• Information given

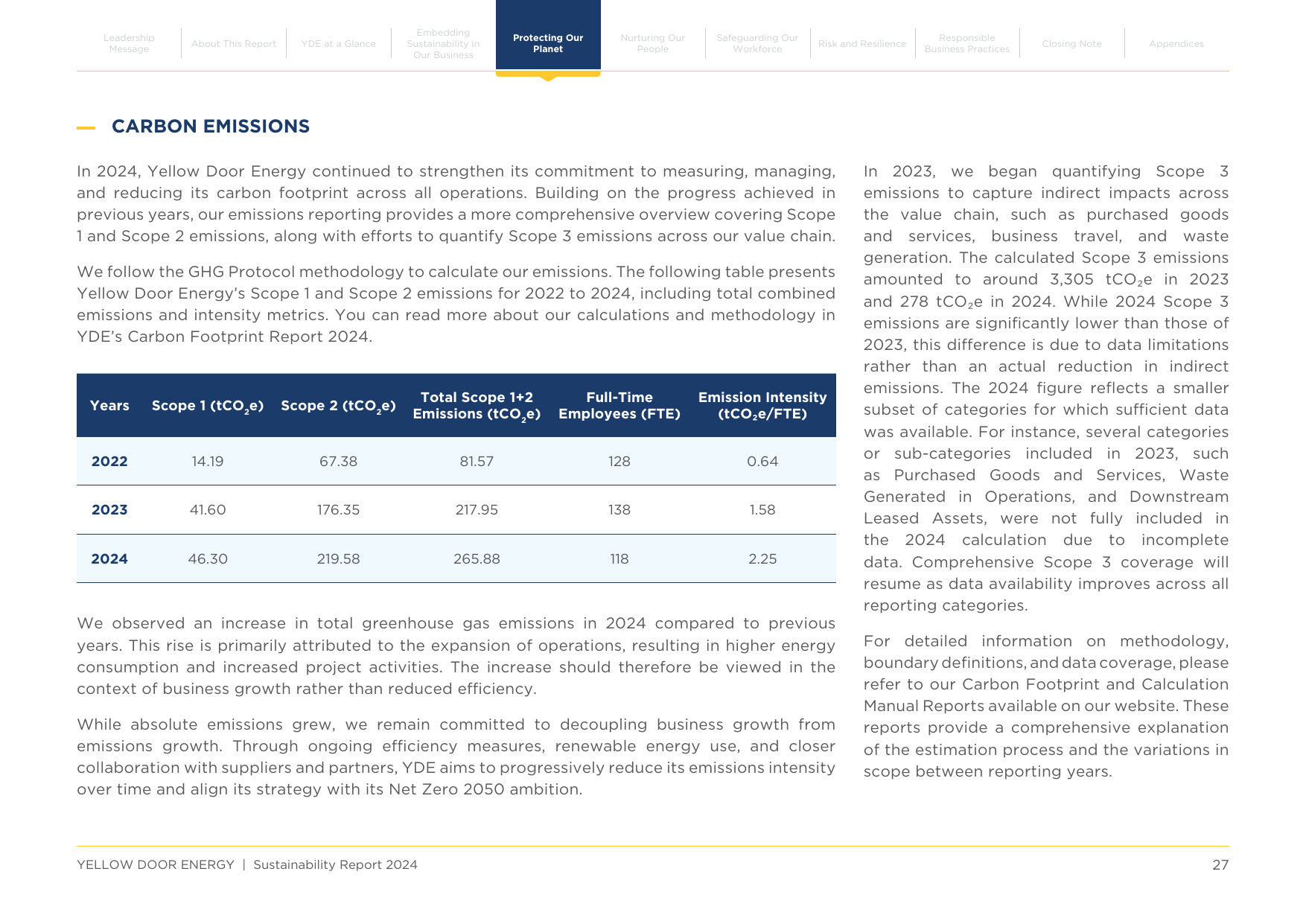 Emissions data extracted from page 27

==

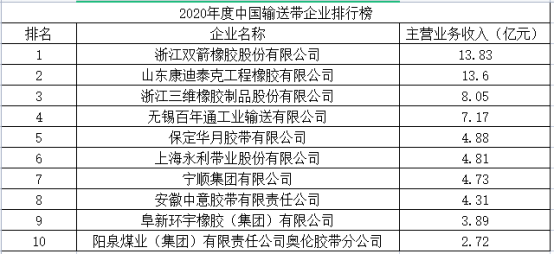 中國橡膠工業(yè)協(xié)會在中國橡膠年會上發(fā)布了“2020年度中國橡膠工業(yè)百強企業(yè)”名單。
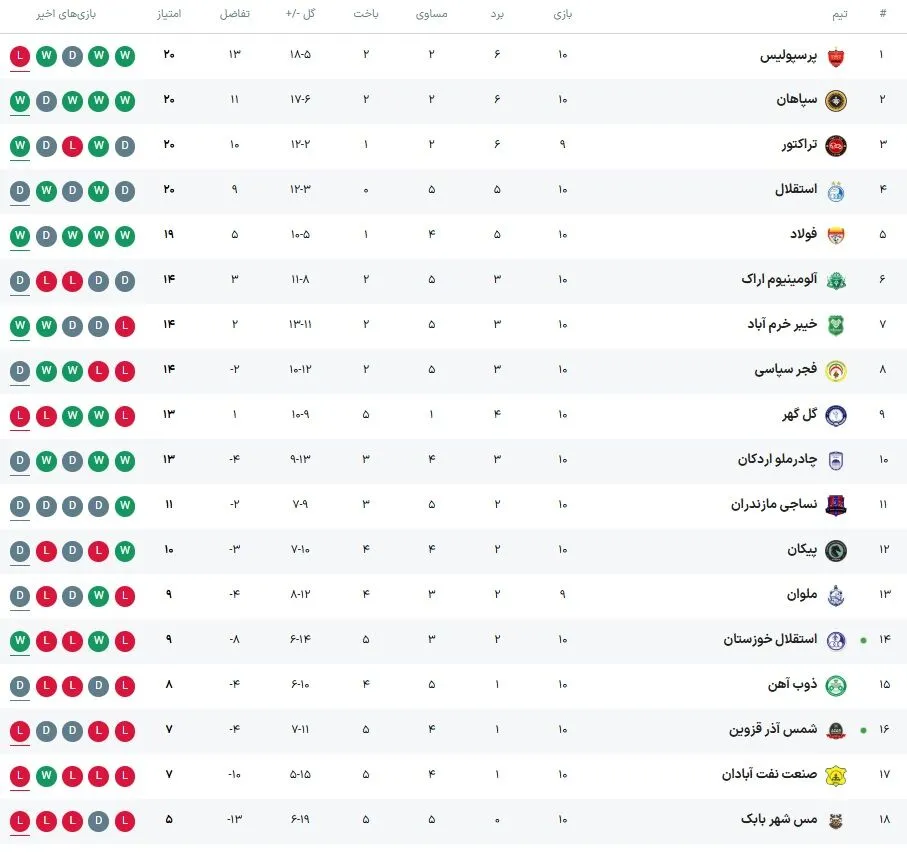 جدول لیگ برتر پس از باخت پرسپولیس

==

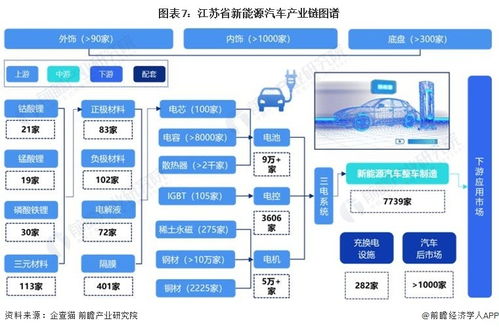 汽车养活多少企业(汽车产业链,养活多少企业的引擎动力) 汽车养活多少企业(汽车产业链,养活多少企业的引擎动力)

• What is expected
Please copy the lines above exactly, starting at the line that holds "中國橡膠工業(yè)協(xi" and ending at the line that holds "جدول لیگ برتر پس از باخت پرسپولیس"; include both, but no pictures.

• Exercise answer
 中國橡膠工業(yè)協(xié)會在中國橡膠年會上發(fā)布了“2020年度中國橡膠工業(yè)百強企業(yè)”名單。
 جدول لیگ برتر پس از باخت پرسپولیس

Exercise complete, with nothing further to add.